Overlooked Tax Deductions
The wealthy often pay a low percentage of their income in taxes, because they can afford to hire the best tax experts. These experts are often knowledgeable about provisions in the tax code that allows for tax write-offs and deductions with which a lay person might be unfamiliar. If you cannot afford the services of tax experts, you can still benefit from these provisions by developing an understanding of the requirements that apply. The following are a few that are often overlooked:
Nonbusiness Bad Debts
If you make a personal nonbusiness loan and you are unable to collect the amount, you may be able to claim a deduction for the amount for the year that the debt becomes completely worthless. This does not apply to amounts that can be considered gifts instead of loans, and as such, there must be evidence that there was an understanding between you and the borrower that the amount was expected to be repaid. For instance, a written enforceable agreement, outlining the repayment terms of the loan. This provision is limited to amounts in which you have basis because it was included in your income. Other nonbusiness bad debts for which you may be eligible to claim a deduction include:
Mechanics’ and Suppliers’ Liens
This applies if you paid off a lien placed against your property by material suppliers because of debts owed by a builder or contractor, and you made the payment so as to avoid foreclosure and loss of your property. If you are unable to get repayment from the builder or contractor, you can take a bad debt deduction for the amount.
Insolvency of Contractor
Amounts that you paid as a deposit to a contractor which has since become insolvent are deductible if you are unable to recover your deposit.
Secondary Liability on Home Mortgage
You may be eligible to take a bad debt deduction for amounts that you paid to satisfy a mortgage, if:
- You entered a transaction wherein someone assumes your mortgage, instead of the home being sold outright
- you remain secondarily liable for repayment of the mortgage,
- the buyer defaults on the loan,
- the house is sold for less than the amount outstanding on the mortgage,
- you paid the difference between the sale price and the outstanding mortgage amount and
- you are unable to collect the amount you paid from the buyer.
Be sure to keep track of any future repayments that you receive for nonbusiness bad debts for which you claimed a deduction, as you may be required to include those amounts in your income.
Damages for Breach of Employment Contract
If you paid a former employer damages, because you broke an employment contract, you can deduct that payment if it is attributable to the pay you received from that employer.
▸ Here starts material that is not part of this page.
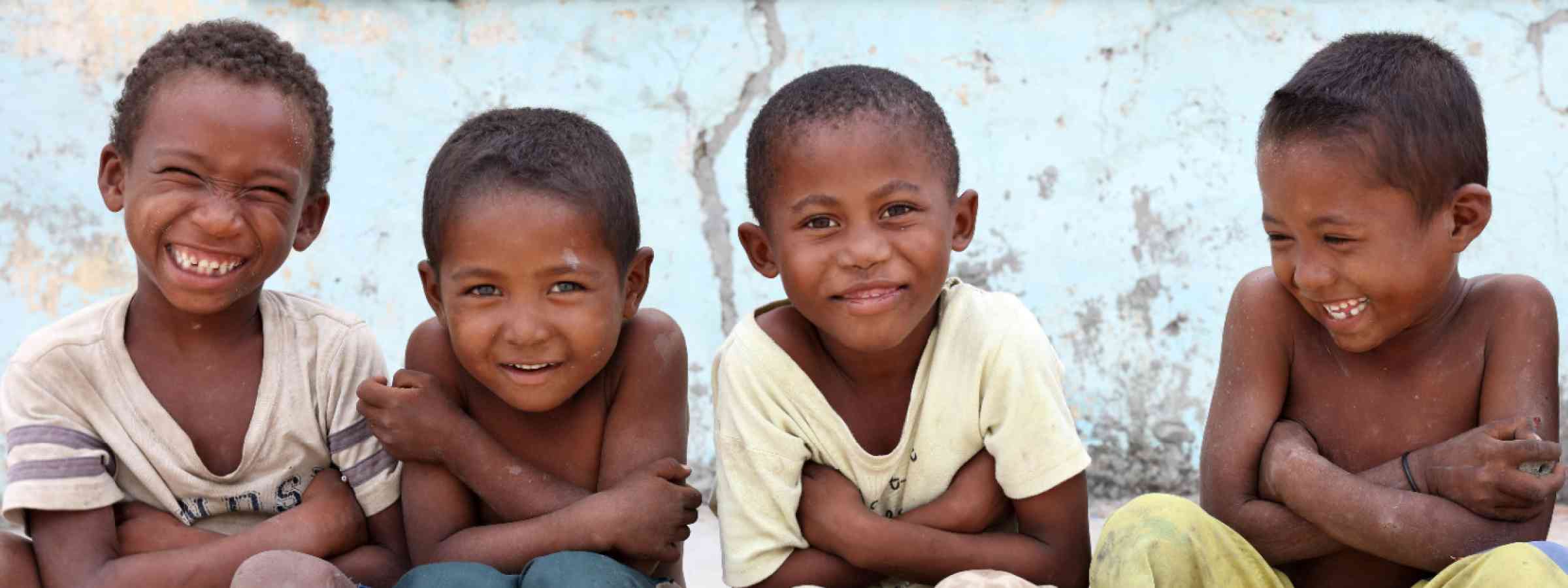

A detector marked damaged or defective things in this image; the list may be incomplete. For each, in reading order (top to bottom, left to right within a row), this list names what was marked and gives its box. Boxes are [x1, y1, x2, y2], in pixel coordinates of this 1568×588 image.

crack in wall [690, 0, 784, 334]
crack in wall [1530, 9, 1568, 114]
If you paid dues to professional organizations, for which the memberships help you to carry out your job, you may be able to deduct those amounts. This includes, chambers of commerce, bar associations, medical associations, boards of trade, business leagues, real estate boards and trade associations. To learn more, check out An Overview Of Itemized Deductions.
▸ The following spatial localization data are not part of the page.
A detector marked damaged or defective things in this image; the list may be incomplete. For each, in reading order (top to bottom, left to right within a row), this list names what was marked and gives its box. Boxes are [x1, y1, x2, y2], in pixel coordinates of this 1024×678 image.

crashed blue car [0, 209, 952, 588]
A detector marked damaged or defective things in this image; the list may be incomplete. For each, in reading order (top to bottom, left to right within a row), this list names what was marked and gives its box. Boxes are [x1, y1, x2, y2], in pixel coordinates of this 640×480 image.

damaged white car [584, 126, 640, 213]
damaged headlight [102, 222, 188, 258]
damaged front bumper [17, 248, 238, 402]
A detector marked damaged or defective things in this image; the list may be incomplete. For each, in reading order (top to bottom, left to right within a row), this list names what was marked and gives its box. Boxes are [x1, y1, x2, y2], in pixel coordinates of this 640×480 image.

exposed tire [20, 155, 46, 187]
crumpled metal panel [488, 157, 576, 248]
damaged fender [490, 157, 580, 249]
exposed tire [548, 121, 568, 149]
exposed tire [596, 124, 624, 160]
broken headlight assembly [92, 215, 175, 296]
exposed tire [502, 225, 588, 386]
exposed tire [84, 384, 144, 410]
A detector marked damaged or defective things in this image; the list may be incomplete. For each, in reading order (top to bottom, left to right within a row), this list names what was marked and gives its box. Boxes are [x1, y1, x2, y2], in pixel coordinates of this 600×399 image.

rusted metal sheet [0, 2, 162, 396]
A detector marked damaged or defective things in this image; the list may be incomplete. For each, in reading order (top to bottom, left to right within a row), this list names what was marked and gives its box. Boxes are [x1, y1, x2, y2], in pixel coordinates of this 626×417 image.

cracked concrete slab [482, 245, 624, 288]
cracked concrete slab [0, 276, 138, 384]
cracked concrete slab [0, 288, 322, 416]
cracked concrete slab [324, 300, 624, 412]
Depreciation of Computer Required for Work
If you own a computer that is used for the convenience of your job, and the computer is required as a condition of employment, it may be eligible for a depreciation deduction. Be careful here, as using a computer for your convenience, such as you taking home work that you would prefer not to do at the office so you can leave earlier, is not usually considered to be ‘required as a condition of your employment.’ In general, the computer must be necessary for you to perform your duties as an employee.
The Bottom Line
There are many other tax deductions that are often overlooked, which usually result in individuals paying more income tax than required. You can pay the least amount of tax required by doing some research on allowed deductions. A good place to start is the IRS website. Also, if you can afford it, use the services of a competent tax professional.